A new model of government is needed in Northern Ireland as the service cuts being implemented at present are affecting the most vulnerable in society, the Green Party has said.
Speaking as the party presented its Westminster election manifesto in Belfast on Thursday, leader Steven Agnew said the North required a government that “prioritises the common good for the people it serves through a renewed investment in public services, a living wage and developing new green industry”.
“As we have seen over the past number of years, the public services that underpin our health and well-being, education, training and the infrastructure we rely on, have been cut again and again,” he said. “These cuts are affecting the most vulnerable in our society. Yet the traditional parties appear to be set on introducing even more. This cannot go on.”
Green Party deputy leader Clare Bailey says in the manifesto that the programme of “colossal cuts” to public spending and the “dismantling of the welfare state” will lead to damage that “could last for generations”.
The document itself outlines the party’s priorities as the protection of public services, the promotion of a living wage, and the prioritisation of a “green industry”.

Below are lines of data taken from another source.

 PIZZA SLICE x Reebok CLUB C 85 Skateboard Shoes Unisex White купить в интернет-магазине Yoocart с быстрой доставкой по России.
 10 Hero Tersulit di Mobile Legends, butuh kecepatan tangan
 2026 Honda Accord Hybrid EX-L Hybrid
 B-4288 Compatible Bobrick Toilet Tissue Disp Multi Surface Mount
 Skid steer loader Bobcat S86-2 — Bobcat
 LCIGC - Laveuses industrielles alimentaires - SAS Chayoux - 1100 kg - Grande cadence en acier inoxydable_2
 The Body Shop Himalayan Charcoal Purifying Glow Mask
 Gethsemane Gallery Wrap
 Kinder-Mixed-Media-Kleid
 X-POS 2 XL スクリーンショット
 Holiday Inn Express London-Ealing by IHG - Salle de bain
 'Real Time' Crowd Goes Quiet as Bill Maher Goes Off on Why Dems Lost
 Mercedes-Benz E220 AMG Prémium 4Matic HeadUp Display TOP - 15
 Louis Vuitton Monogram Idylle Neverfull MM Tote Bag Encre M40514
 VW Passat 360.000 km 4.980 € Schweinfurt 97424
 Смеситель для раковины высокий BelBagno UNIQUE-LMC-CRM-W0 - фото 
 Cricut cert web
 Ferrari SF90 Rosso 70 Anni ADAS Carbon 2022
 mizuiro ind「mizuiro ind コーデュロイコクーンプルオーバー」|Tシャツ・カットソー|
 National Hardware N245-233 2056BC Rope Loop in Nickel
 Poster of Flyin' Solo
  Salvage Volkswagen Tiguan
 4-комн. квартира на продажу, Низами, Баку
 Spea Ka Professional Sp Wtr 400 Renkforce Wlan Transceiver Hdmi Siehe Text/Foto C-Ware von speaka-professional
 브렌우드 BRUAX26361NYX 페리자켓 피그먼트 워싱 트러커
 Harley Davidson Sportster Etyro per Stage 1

In terms of the public services, it calls for an end to austerity “as it is hitting women, children and the disabled hardest”. The party is also supporting a bill to “prevent tax dodging” and opposing cuts to corporation tax. Additionally, it pledges to “keep the NHS in public hands and fight privatisation”.
On the issue of a living wage, the party is promising to “protect workers through regulation of zero hour contracts” and to end “in work poverty”.
In terms of a green industry, the manifesto outlines proposals to create jobs in low carbon technologies, to reduce fuel poverty through investment in energy efficient homes, and to tackle climate change.